/---
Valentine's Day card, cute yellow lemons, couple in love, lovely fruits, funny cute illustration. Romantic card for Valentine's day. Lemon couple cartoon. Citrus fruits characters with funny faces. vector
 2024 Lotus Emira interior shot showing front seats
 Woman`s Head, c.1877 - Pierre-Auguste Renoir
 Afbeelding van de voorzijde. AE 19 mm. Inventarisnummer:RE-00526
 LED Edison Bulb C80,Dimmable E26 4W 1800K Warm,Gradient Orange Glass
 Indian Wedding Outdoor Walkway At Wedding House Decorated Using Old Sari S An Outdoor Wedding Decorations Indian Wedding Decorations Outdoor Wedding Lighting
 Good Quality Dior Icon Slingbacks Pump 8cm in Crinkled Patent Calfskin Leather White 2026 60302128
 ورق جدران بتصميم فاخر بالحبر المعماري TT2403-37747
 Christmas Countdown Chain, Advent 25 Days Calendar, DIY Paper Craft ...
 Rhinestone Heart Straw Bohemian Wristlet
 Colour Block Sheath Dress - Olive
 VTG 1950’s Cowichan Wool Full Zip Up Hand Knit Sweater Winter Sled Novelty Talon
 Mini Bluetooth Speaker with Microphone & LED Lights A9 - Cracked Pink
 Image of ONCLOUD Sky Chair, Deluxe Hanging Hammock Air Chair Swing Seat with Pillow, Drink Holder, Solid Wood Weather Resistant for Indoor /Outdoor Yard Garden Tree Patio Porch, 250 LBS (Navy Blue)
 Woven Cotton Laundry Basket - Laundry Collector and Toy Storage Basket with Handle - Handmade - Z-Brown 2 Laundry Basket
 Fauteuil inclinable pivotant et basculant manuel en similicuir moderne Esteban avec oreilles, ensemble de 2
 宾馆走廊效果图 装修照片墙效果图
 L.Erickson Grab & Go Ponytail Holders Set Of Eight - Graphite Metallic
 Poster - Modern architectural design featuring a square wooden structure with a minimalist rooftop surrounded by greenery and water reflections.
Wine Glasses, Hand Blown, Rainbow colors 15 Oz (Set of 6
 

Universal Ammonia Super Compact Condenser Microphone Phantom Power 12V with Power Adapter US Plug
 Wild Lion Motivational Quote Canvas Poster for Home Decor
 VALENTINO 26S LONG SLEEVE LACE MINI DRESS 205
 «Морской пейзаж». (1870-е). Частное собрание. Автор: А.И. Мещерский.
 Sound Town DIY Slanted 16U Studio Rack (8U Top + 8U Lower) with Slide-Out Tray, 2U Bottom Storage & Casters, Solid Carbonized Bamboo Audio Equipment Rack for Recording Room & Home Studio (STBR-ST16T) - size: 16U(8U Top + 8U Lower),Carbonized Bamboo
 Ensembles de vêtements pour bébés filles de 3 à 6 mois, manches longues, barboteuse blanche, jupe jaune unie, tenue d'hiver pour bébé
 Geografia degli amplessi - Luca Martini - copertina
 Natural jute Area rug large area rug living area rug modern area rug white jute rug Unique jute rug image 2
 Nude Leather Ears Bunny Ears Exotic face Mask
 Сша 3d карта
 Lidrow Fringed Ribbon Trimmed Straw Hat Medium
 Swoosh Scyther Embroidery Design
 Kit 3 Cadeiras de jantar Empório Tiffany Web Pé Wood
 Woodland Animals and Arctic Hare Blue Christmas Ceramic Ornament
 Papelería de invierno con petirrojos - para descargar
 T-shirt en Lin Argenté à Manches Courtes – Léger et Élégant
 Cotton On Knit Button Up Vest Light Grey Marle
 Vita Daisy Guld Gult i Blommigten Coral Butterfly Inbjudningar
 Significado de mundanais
\---
## About this exercise
Give back the material above in full, exactly as it reads.

## Solution to the problem
Valentine's Day card, cute yellow lemons, couple in love, lovely fruits, funny cute illustration. Romantic card for Valentine's day. Lemon couple cartoon. Citrus fruits characters with funny faces. vector
 2024 Lotus Emira interior shot showing front seats
 Woman`s Head, c.1877 - Pierre-Auguste Renoir
 Afbeelding van de voorzijde. AE 19 mm. Inventarisnummer:RE-00526
 LED Edison Bulb C80,Dimmable E26 4W 1800K Warm,Gradient Orange Glass
 Indian Wedding Outdoor Walkway At Wedding House Decorated Using Old Sari S An Outdoor Wedding Decorations Indian Wedding Decorations Outdoor Wedding Lighting
 Good Quality Dior Icon Slingbacks Pump 8cm in Crinkled Patent Calfskin Leather White 2026 60302128
 ورق جدران بتصميم فاخر بالحبر المعماري TT2403-37747
 Christmas Countdown Chain, Advent 25 Days Calendar, DIY Paper Craft ...
 Rhinestone Heart Straw Bohemian Wristlet
 Colour Block Sheath Dress - Olive
 VTG 1950’s Cowichan Wool Full Zip Up Hand Knit Sweater Winter Sled Novelty Talon
 Mini Bluetooth Speaker with Microphone & LED Lights A9 - Cracked Pink
 Image of ONCLOUD Sky Chair, Deluxe Hanging Hammock Air Chair Swing Seat with Pillow, Drink Holder, Solid Wood Weather Resistant for Indoor /Outdoor Yard Garden Tree Patio Porch, 250 LBS (Navy Blue)
 Woven Cotton Laundry Basket - Laundry Collector and Toy Storage Basket with Handle - Handmade - Z-Brown 2 Laundry Basket
 Fauteuil inclinable pivotant et basculant manuel en similicuir moderne Esteban avec oreilles, ensemble de 2
 宾馆走廊效果图 装修照片墙效果图
 L.Erickson Grab & Go Ponytail Holders Set Of Eight - Graphite Metallic
 Poster - Modern architectural design featuring a square wooden structure with a minimalist rooftop surrounded by greenery and water reflections.
Wine Glasses, Hand Blown, Rainbow colors 15 Oz (Set of 6
 

Universal Ammonia Super Compact Condenser Microphone Phantom Power 12V with Power Adapter US Plug
 Wild Lion Motivational Quote Canvas Poster for Home Decor
 VALENTINO 26S LONG SLEEVE LACE MINI DRESS 205
 «Морской пейзаж». (1870-е). Частное собрание. Автор: А.И. Мещерский.
 Sound Town DIY Slanted 16U Studio Rack (8U Top + 8U Lower) with Slide-Out Tray, 2U Bottom Storage & Casters, Solid Carbonized Bamboo Audio Equipment Rack for Recording Room & Home Studio (STBR-ST16T) - size: 16U(8U Top + 8U Lower),Carbonized Bamboo
 Ensembles de vêtements pour bébés filles de 3 à 6 mois, manches longues, barboteuse blanche, jupe jaune unie, tenue d'hiver pour bébé
 Geografia degli amplessi - Luca Martini - copertina
 Natural jute Area rug large area rug living area rug modern area rug white jute rug Unique jute rug image 2
 Nude Leather Ears Bunny Ears Exotic face Mask
 Сша 3d карта
 Lidrow Fringed Ribbon Trimmed Straw Hat Medium
 Swoosh Scyther Embroidery Design
 Kit 3 Cadeiras de jantar Empório Tiffany Web Pé Wood
 Woodland Animals and Arctic Hare Blue Christmas Ceramic Ornament
 Papelería de invierno con petirrojos - para descargar
 T-shirt en Lin Argenté à Manches Courtes – Léger et Élégant
 Cotton On Knit Button Up Vest Light Grey Marle
 Vita Daisy Guld Gult i Blommigten Coral Butterfly Inbjudningar
 Significado de mundanais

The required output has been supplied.